Who would have thought that 60 years ago on December 1 1955 when 42-year-old Rosa Parks refused to relinquish her seat on bus number 2857 in Montgomery, Ala., that we would still be struggling over equity and civil rights? 

As a secretary for the NAACP, Parks was the perfect candidate to generate the media interest in civil rights violations of the Jim Crow south. Parks, who was employed as a tailor at a department store and did not have a criminal record, was the perfect person to use to challenge the constitutionality of the city’s segregation laws.   

People always recount that Parks was “tired” that day in 1955 and thus refused to move, but her fatigue was not physical.  She was tired of giving in to laws she knew were unjust.  So when the bus driver, with whom she had clashed before, asked her to move from the middle section of a crowded bus and give her seat to a white man, she refused. 

This very public episode was the catalyst for the 13-month long Montgomery Bus Boycott.  While the unjust transportation laws were defeated, Parks lost her department store job and in 1957 she and her husband Raymond moved to Detroit. 

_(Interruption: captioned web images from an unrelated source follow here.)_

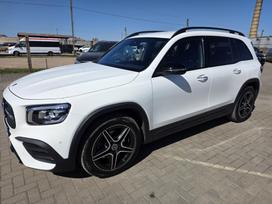 Mercedes-Benz GLB200, 2.0 l., Внедорожник / Кроссовер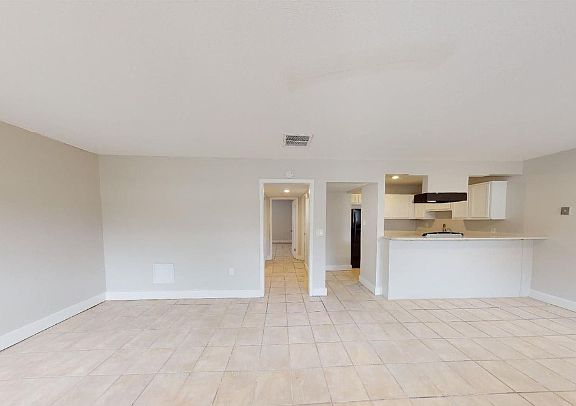 2nd image of 603 Woodbine St #2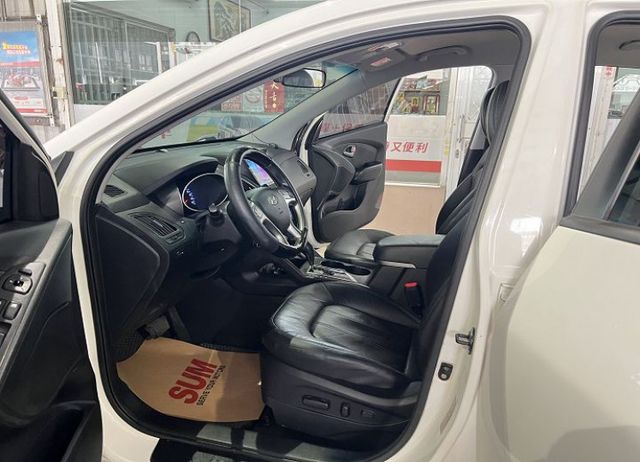 影音尊貴型 原鈑件認證車 配備雙氣囊/恆溫/循跡/定速/方控/電動座椅/安卓機/倒車影像  第18張相片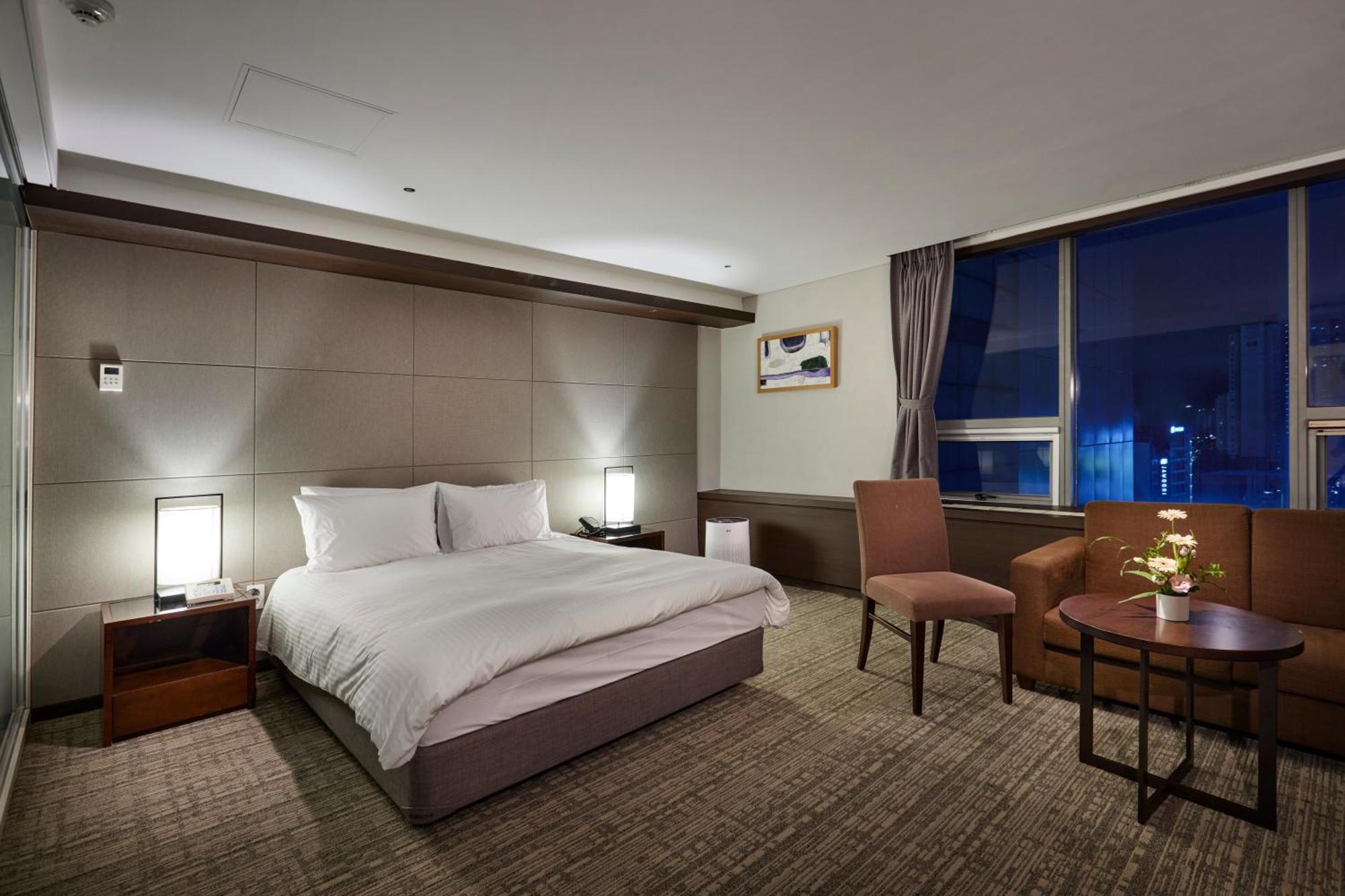 Hotel Interciti Теджън Екстериор снимка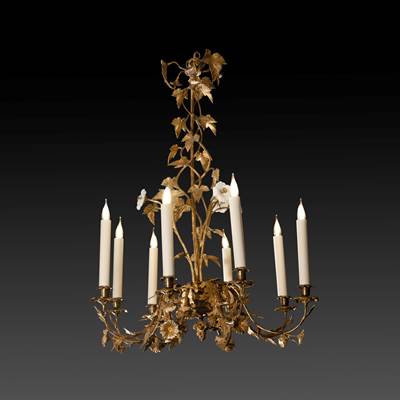 Lustre en bronze doré à décor végétal, fleurs en opaline blanche, 8 bras de lumière, France, milieu XIXème (hauteur 90 cm, diamètre 60 cm)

Six decades later, students across the country from Yale to the University of Missouri are protesting to get colleges to hire more diverse faculty.  Six decades later, they are still trying to advocate to the world that Black lives matter, too.  This generation of activists in their 30s and 40s, like Parks, are taking the lead and joining youth to protest excessive police violence and a general atmosphere of violence directed against people of color. 

Six decades later there is still much to do.  Like Parks, we have to be “tired ” of giving in to injustice of any form or fashion. 

Thabiti Lewis is an associate professor of English at Washington State University, Vancouver and author of "Baller of the New School: Race and Sports in America."